Harry was explaining the state of the industry.

“The diamonds run out?” he said, and laughed. They were in the town proper and passing the bar where Barney had first stopped, but Harry made no move to turn in. He had a goal in mind, and besides, he was discussing a subject he felt he knew well. “No!” he said firmly. “There are diamonds on top of diamonds in Kimberley, and the same — though less, of course — at Bultfontein, Dutoitspan, and the Old De Beers. Four diamond mines within a few miles of each other, and together they probably contain most of the gemstones in the world! Think of it!”

Barney was thinking of it, thinking of it very hard. “So, if the diamonds are there—” he said slowly.
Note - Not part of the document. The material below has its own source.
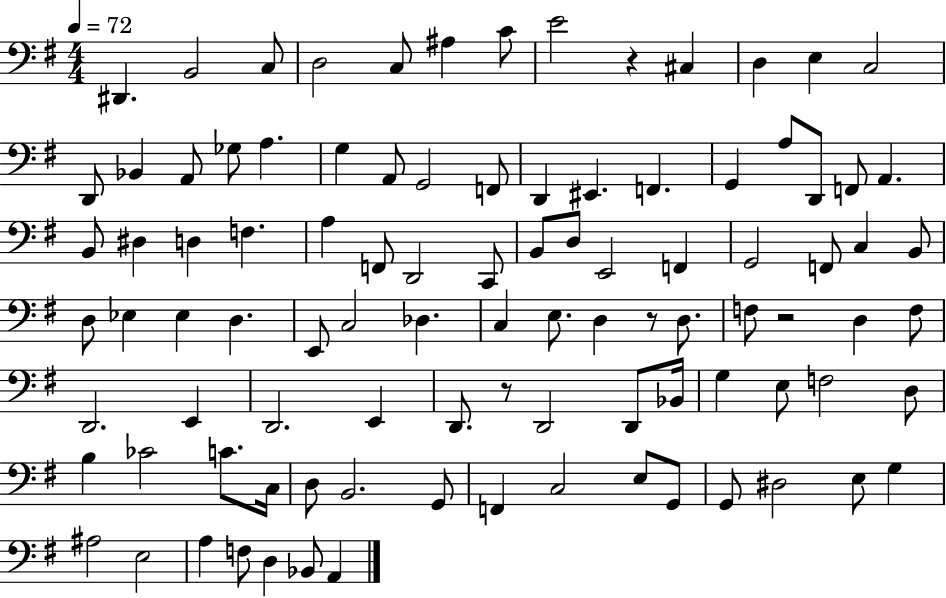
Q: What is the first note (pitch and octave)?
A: D#2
“Oh, they’re there, all right, in that good old, dear old, sweet old yellow soil,” Harry said with a grin, and did a soft-shoe shuffle in the dust of the roadway. Then his smile faded a bit ruefully and he kicked at the dust. “The only trouble,” he said more softly, “is that it costs more to dig out a carat of diamonds than the kopje wallopers or even the so-called honest traders will pay for it. So some of the miners are giving up and going home. And so are the traders.”

“What’s a kopje walloper?”

“He’s a— Wait a second. There’s the mine.”
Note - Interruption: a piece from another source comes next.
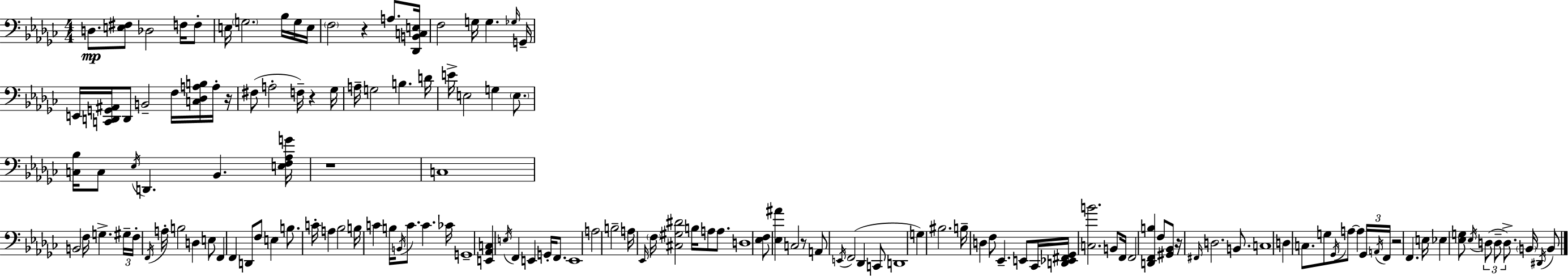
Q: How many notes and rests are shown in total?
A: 144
They had come through the shacks on the edge of a reef and were staring down at an incredible sight. The mine that had begun as a small hillock rising a few feet above the flat surface of the northern Cape had changed considerably. The hillock had long since disappeared, trees and all; now the hole that had replaced it had been dug to a depth of over a hundred feet in places; and from each tiny square that represented a single claim, several steep cables ran up to the rim of the huge excavation. Tiny carts, foreshortened by distance, could be seen traveling up these cables, carrying the yellowish earth to the rim and beyond to the crushing and the sorting piles. Barney, staring in awe, could see a network of at least a thousand of the cables glinting in the late-afternoon sun; the creak and groan of the small cradles climbing and descending the steel ropes; the cries of men directing, warning, shouting; the whinnying of horses working to turn some of the large wheels on top of the monstrous crater to winch the larger buckets of earth up the steel ropes, all combined to give him an unearthly feeling. It looked like a picture Barney had once seen of a bloke named Gulliver tethered to earth with stringlike ropes, only what was locked to the earth here was the earth itself. And the uneven layers of the mine! And the men swarming below like ants; they could have been the tiny people sweating to tighten the cables on Gulliver! It looked unreal; it looked almost like the etchings he had once seen of the Egyptian slaves — Jews, they was, now he remembered — building the pyramids. The mine was huge beyond anything Barney had ever seen or even dreamed about; it was almost beyond his imagination to think of himself down in that abyss, that inverted anthill, himself, working in that confused disorder.